*Work instructions*:
An exact repetition of every entry, with no images, is the required answer.

*Supplied records*:
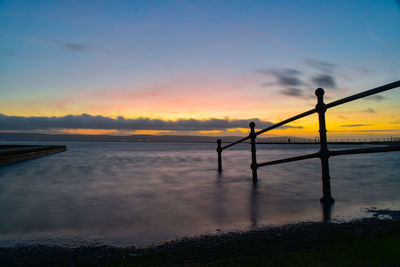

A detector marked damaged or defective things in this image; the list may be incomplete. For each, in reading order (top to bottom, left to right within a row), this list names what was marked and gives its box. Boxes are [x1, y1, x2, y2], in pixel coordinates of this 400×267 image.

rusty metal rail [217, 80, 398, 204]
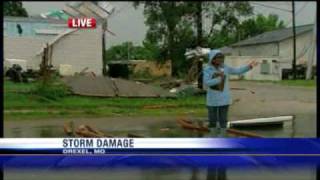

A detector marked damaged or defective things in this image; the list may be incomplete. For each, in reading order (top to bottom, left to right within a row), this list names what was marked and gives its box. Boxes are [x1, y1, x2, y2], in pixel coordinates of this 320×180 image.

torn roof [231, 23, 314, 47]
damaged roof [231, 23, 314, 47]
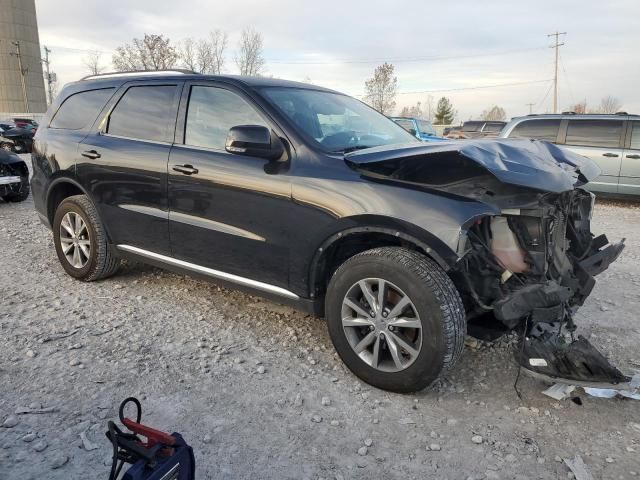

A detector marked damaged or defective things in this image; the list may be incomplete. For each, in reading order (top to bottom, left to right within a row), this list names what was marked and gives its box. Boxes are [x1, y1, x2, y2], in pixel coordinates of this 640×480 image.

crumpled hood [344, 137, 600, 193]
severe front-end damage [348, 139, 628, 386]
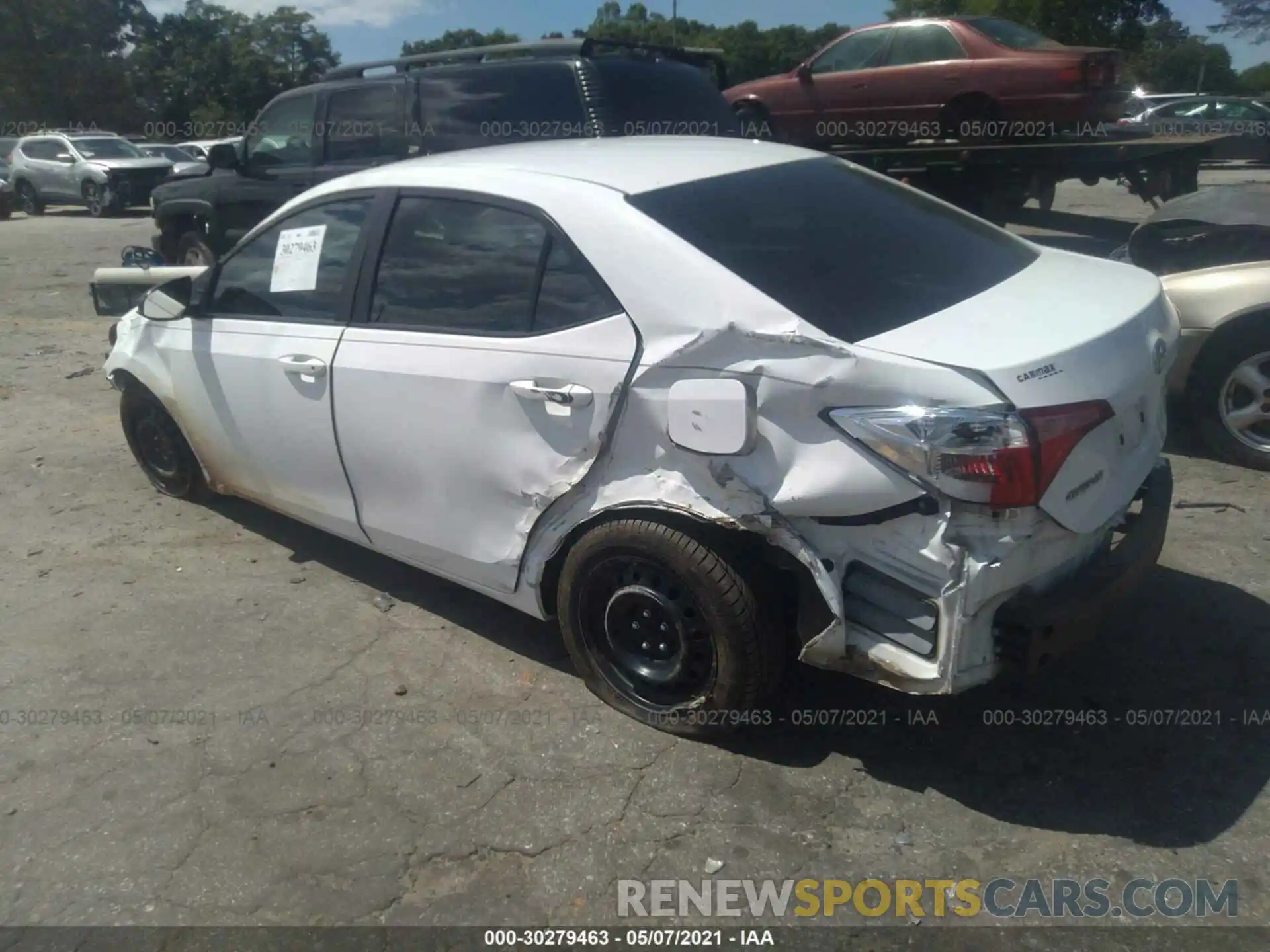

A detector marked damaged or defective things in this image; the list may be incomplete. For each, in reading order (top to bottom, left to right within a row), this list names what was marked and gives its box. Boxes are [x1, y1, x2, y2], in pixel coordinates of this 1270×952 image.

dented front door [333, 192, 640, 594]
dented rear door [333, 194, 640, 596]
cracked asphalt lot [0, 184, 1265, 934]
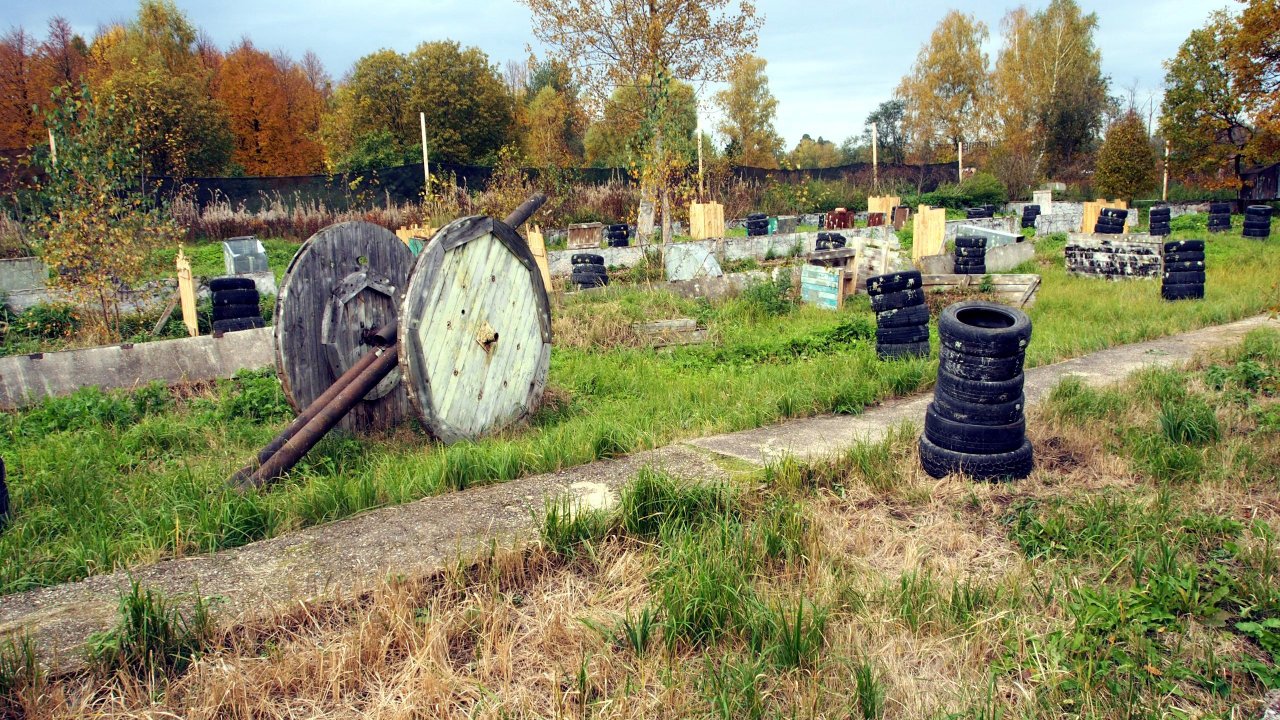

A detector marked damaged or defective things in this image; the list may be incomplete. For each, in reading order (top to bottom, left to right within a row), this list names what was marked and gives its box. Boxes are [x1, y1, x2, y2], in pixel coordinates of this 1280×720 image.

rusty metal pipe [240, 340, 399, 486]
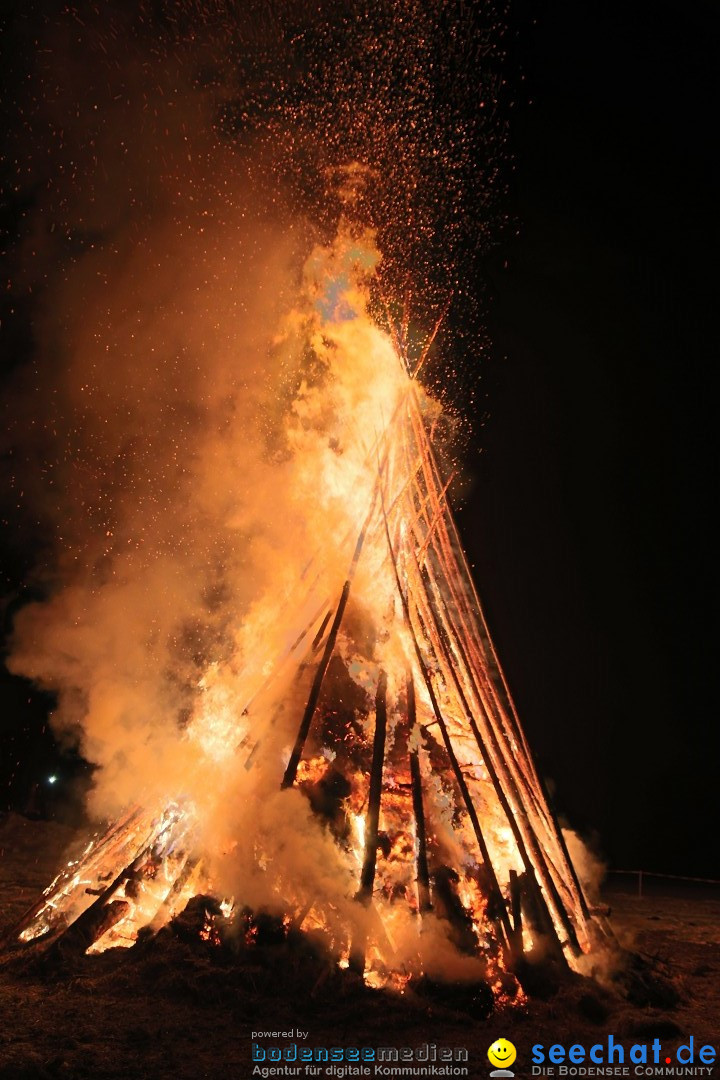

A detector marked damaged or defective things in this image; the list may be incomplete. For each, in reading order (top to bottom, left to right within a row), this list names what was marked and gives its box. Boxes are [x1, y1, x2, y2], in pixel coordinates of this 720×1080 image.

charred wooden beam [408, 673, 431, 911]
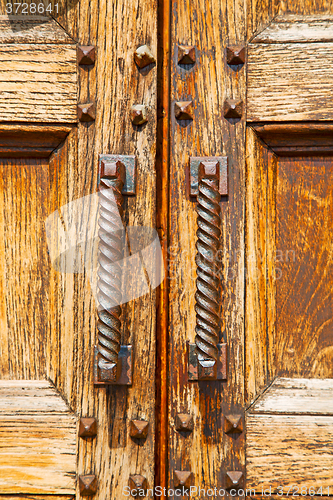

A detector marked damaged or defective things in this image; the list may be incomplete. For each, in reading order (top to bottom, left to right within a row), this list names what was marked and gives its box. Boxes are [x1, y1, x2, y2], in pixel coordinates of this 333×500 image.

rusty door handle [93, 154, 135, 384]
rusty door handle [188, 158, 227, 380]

*Exercise response*:
A detector marked damaged or defective things in this image; the list may be incomplete. For each, in reading order (top to bottom, left to right within a row), this list names what was marked and gives its box. Boxes are [x1, y1, x2, y2], in pixel coordinates of this 400×267 image.

rusty metal rail [217, 80, 398, 204]

A detector marked damaged or defective things in this image; the list may be incomplete. For each, in reading order (top to bottom, left to right within a row), this list names what was marked and gives its box. Boxes are [x1, y1, x2, y2], in pixel coordinates of this 320×180 image.

torn roof [231, 23, 314, 47]
damaged roof [231, 23, 314, 47]

A detector marked damaged or defective things in this image; the list may be incomplete. For each, in reading order (top to bottom, left to right within a row), this list names what was marked and gives its box. Boxes are [x1, y1, x2, y2], in pixel coordinates of this 640×480 image.

crumpled hood [344, 137, 600, 193]
severe front-end damage [348, 139, 628, 386]

A detector marked damaged or defective things in this image; the list may be incomplete. For each, in reading order (top to bottom, left to right within a row), this list names what was marked and gives its box. Boxes are [x1, y1, x2, y2], in pixel coordinates of this 1270×952 image.

dented front door [333, 192, 640, 594]
dented rear door [333, 194, 640, 596]
cracked asphalt lot [0, 184, 1265, 934]

A detector marked damaged or defective things in this image; the list may be incomplete. For each, in reading order (top to bottom, left to right within a row), this list names what was marked and gives its box. Boxes are [x1, y1, x2, y2], in pixel coordinates of this 1280×720 image.

rusty metal pipe [240, 340, 399, 486]

A detector marked damaged or defective things in this image; the list may be incomplete. For each, in reading order (top to bottom, left to right within a row), this list names what was marked and gives its box. Boxes are [x1, y1, x2, y2], in pixel coordinates of this 720×1080 image.

charred wooden beam [408, 673, 431, 911]

A detector marked damaged or defective things in this image; the list may be incomplete. For each, in reading order (top to bottom, left to right within a row), this list names what was marked and gives its box. Boxes are [x1, y1, x2, y2], in pixel coordinates of this 333×500 image.

rusty door handle [93, 154, 135, 384]
rusty door handle [188, 158, 227, 380]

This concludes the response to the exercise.